The pollster found an interesting sample: those surveyed tended to be educated (20 percent have advanced degrees like M.D.s and Ph.D.s) and almost half are left-leaning (49.6 percent said they were “very liberal” or “somewhat liberal”). You can read the survey results here in PDF.
- The county is looking to donate property to the state so it can build a 17-story court complex downtown. (U-T)
- The LAT looks at Hollywood’s grisly Museum of Death, which used to be housed in downtown San Diego and displays mementos of the Heaven’s Gate mass suicides.
- The LAT also examines school-dance dress codes and notes that Rancho Bernardo High has strict rules regarding northern and southern exposure. One regulation: dresses can’t show cleavage. No word on what happens if chubby guys wear tight shirts with low necklines.
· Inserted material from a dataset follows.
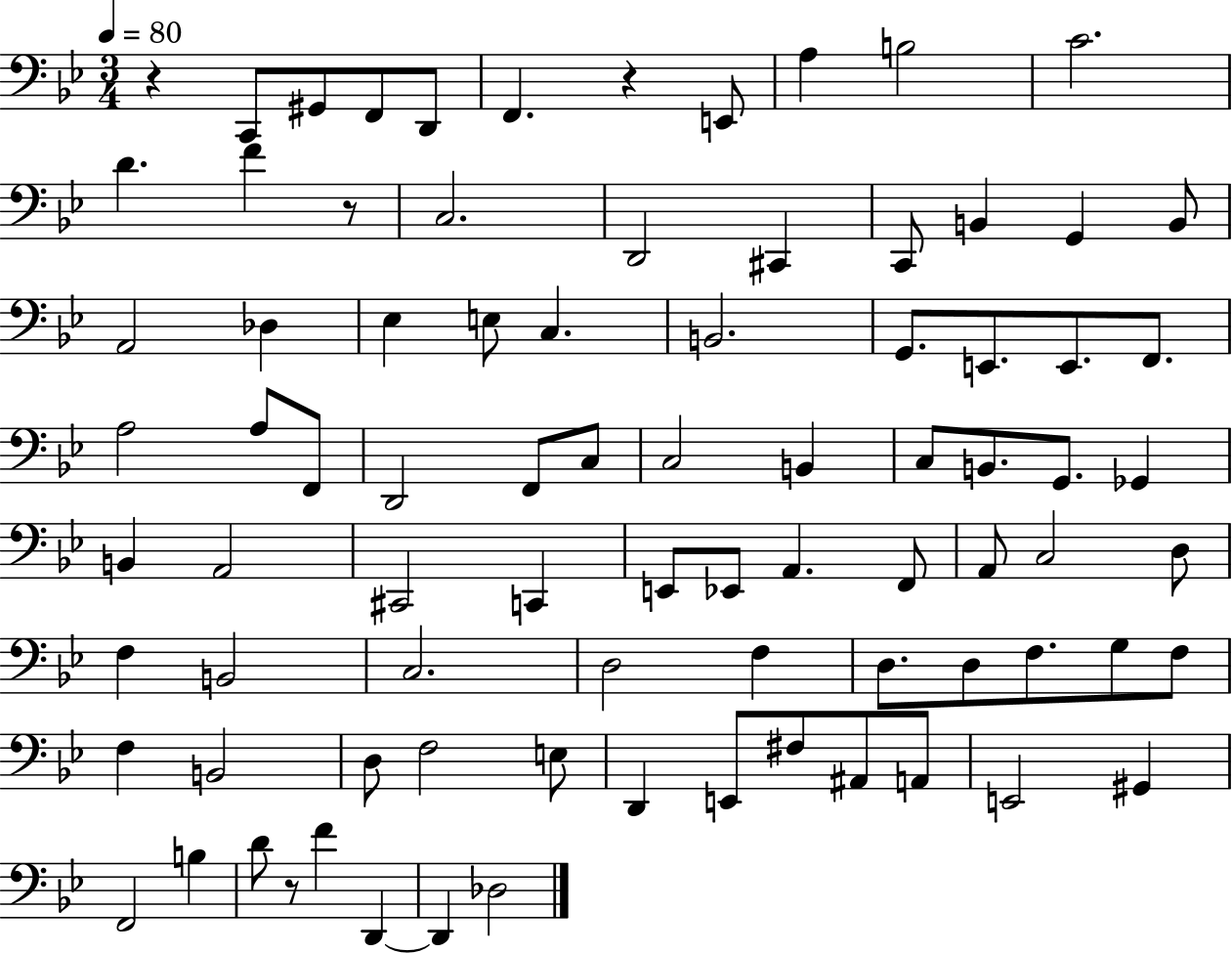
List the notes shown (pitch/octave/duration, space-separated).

R/q C2/e G#2/e F2/e D2/e F2/q. R/q E2/e A3/q B3/h C4/h. D4/q. F4/q R/e C3/h. D2/h C#2/q C2/e B2/q G2/q B2/e A2/h Db3/q Eb3/q E3/e C3/q. B2/h. G2/e. E2/e. E2/e. F2/e. A3/h A3/e F2/e D2/h F2/e C3/e C3/h B2/q C3/e B2/e. G2/e. Gb2/q B2/q A2/h C#2/h C2/q E2/e Eb2/e A2/q. F2/e A2/e C3/h D3/e F3/q B2/h C3/h. D3/h F3/q D3/e. D3/e F3/e. G3/e F3/e F3/q B2/h D3/e F3/h E3/e D2/q E2/e F#3/e A#2/e A2/e E2/h G#2/q F2/h B3/q D4/e R/e F4/q D2/q D2/q Db3/h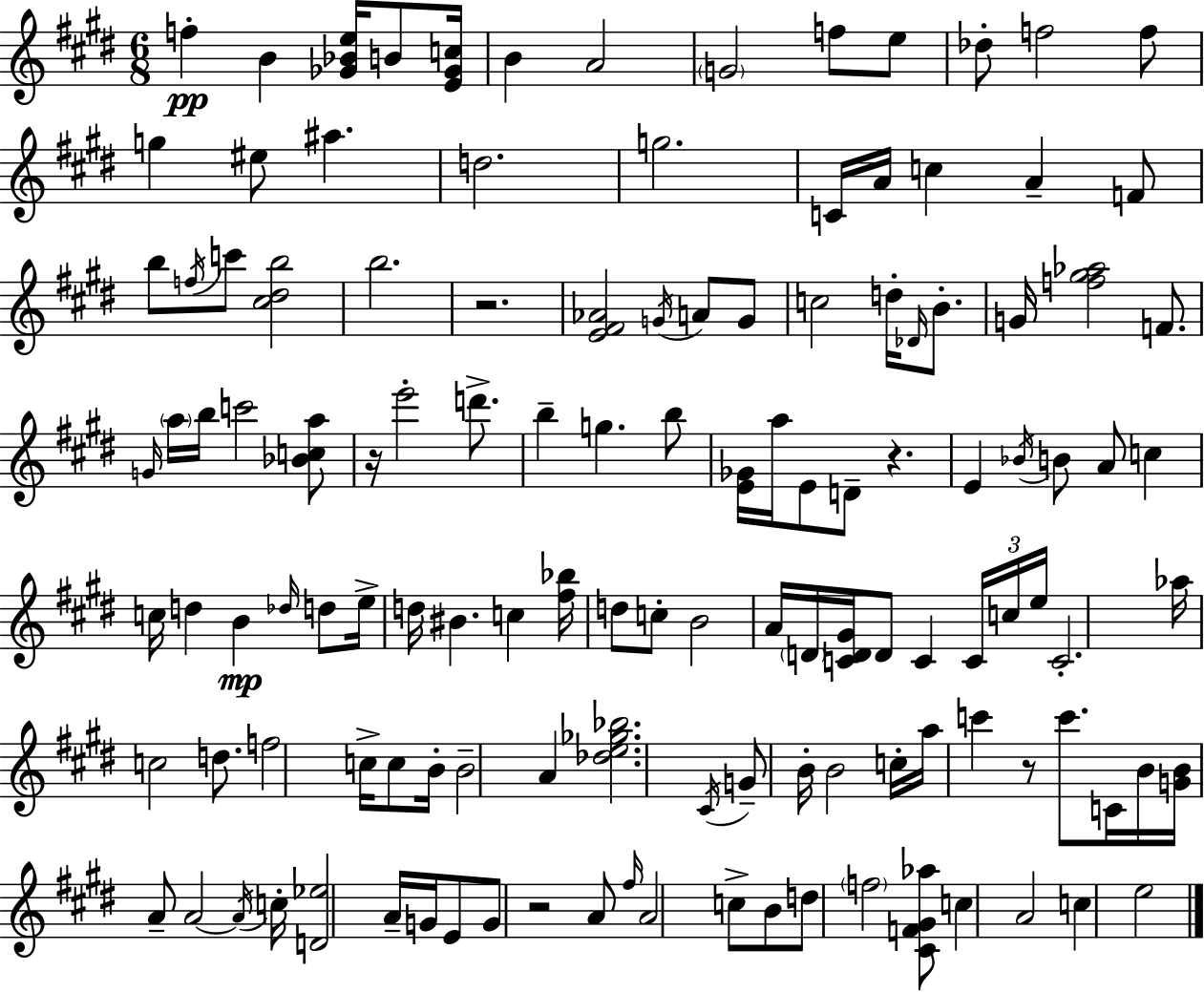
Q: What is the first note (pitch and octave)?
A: F5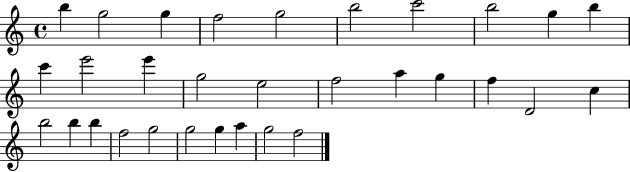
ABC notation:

Finally, a bit of history: today is the 80th anniversary of the 1929 stock market crash that ushered in the Great Depression.
The Hollywood newspaper Variety had the next day’s most famous headline: “Wall St. Lays an Egg.” But at the time, San Diego’s newspapers didn’t realize the importance of Black Tuesday and gave it less-than-sensational coverage.
The San Diego Union, for example, found bigger news to report the next morning in an eight-column front-page headline: “Call Local Officials in Federal Quiz.” Catchy! (You can see the front page here.)
The mayor, police chief and coroner had been called to testify in a case alleging a police raid on bootleggers had been fixed.
San Diego city officials called to testify in court? Imagine!